CGJ/SP: Registro de Imóveis – Alienação fiduciária em garantia – Mora – Consolidação da propriedade em nome da fiduciária – Alegação de que os valores em atraso foram pagos diretamente à credora fiduciária antes da consolidação da propriedade – Pedido de cancelamento da averbação que consolidou a propriedade – Impossibilidade – Purgação da mora que deve ocorrer no Registro de Imóveis e dentro do prazo estabelecido – Inteligência dos artigos 26, §§1º e 5º, da Lei nº 9.514/97 e 327 do Código Civil – Purgação que, ademais, não foi comunicada pela fiduciária, que requereu a consolidação da propriedade do bem em seu nome – Recurso a que se nega provimento.


  
 

Número do processo: 1099247-69.2016.8.26.0100

Ano do processo: 2016

Número do parecer: 30

Ano do parecer: 2017

 

Parecer

PODER JUDICIÁRIO

TRIBUNAL DE JUSTIÇA DO ESTADO DE SÃO PAULO

CORREGEDORIA GERAL DA JUSTIÇA

Processo CG n° 1099247-69.2016.8.26.0100

(30/2017-E)

Registro de Imóveis – Alienação fiduciária em garantia – Mora – Consolidação da propriedade em nome da fiduciária – Alegação de que os valores em atraso foram pagos diretamente à credora fiduciária antes da consolidação da propriedade – Pedido de cancelamento da averbação que consolidou a propriedade – Impossibilidade – Purgação da mora que deve ocorrer no Registro de Imóveis e dentro do prazo estabelecido – Inteligência dos artigos 26, §§1º e 5º, da Lei nº 9.514/97 e 327 do Código Civil – Purgação que, ademais, não foi comunicada pela fiduciária, que requereu a consolidação da propriedade do bem em seu nome – Recurso a que se nega provimento.

Excelentíssimo Senhor Corregedor Geral da Justiça,

Trata-se de recurso administrativo interposto por Bradesco Administradora de Consórcios Ltda. contra a sentença de fls. 68/71, que indeferiu pedido de providências, impedindo o cancelamento da averbação n° 6 da matrícula n° 123.383 do 16° Registro de Imóveis da Capital, inscrição que consolidou a propriedade do imóvel em nome da recorrente, credora fiduciária.

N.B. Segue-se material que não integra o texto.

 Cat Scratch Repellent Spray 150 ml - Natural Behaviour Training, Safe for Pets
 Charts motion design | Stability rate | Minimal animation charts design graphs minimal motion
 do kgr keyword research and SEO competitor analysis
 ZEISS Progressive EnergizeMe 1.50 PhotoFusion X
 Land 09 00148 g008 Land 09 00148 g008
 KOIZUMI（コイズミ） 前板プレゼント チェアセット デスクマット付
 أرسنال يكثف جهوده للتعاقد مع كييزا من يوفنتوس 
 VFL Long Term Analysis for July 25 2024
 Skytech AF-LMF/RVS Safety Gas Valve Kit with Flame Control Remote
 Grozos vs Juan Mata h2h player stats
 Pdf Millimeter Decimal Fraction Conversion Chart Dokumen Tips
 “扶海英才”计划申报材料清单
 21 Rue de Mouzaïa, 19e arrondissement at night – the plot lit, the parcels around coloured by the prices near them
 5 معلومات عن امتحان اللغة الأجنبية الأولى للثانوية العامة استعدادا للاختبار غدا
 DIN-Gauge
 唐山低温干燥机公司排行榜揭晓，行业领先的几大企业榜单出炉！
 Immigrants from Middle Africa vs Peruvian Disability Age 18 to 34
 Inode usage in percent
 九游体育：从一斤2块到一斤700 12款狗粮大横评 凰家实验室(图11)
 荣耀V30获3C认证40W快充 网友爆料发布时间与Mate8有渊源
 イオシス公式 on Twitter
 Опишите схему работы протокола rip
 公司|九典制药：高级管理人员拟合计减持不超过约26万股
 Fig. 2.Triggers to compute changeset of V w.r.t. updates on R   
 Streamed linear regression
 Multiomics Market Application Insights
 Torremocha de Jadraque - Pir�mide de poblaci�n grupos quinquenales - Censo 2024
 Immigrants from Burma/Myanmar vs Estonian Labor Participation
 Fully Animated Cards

Sustenta a recorrente: a) que embora tenha requerido a consolidação da propriedade do bem em seu nome, o que ocorreu em 10 de agosto de 2016, cinco dias antes o devedor efetuou o pagamento da dívida vencida; b) que a purgação da mora até a arrematação é viável; c) e que o cancelamento proposto é medida que encontra amparo no artigo 250, II, da lei n° 6.015/73 (fls. 78/87).

A Procuradoria de Justiça opinou pelo não provimento do recurso (fls. 146/149).

É o relatório.

Opino.

De início, a apelação interposta deve ser recebida como recurso administrativo.

Isso porque a decisão contra a qual se insurge a recorrente não foi proferida em procedimento de dúvida, pressuposto para a interposição de apelação com fundamento no artigo 202 da Lei n° 6.015/73. Trata-se de decisão proferida por Juíza Corregedora Permanente, apreciando a possibilidade de cancelamento de averbação que consolidou a propriedade de imóvel em seu nome. Como se trata de ato de averbação[1], na forma do artigo 246 do Código Judiciário do Estado de São Paulo, cabível recurso administrativo a ser julgado pelo Corregedor Geral da Justiça.

A análise dos autos revela que, no ano de 2007, Maria Lúcia Monteiro Geraldo e Antônio César da Silva Gimenez venderam o imóvel objeto da matrícula n° 123.383 a Marcel Miorin (R.4 – fls. 37). Em garantia de financiamento contratado, à época, no valor de R$77.258,24, o comprador alienou fiduciariamente o imóvel à recorrente (R.5 – fls. 37/38). Não pagas as parcelas do financiamento, a recorrente, credora fiduciária, se dirigiu ao 16° Cartório de Registro de Imóveis, que notificou os devedores para purgação da mora (fls. 31/34). Decorridos os quinze dias estabelecidos pelo artigo 26, § 1°, da Lei n° 9.514/97 para o pagamento do débito, a Oficial certificou o decurso do prazo (fls. 35) e, apresentado o requerimento pelo credor fiduciário acompanhado do recolhimento do ITBI (fls. 80), averbou a consolidação da propriedade do imóvel em nome da recorrente (Av.6 – fls. 38/39).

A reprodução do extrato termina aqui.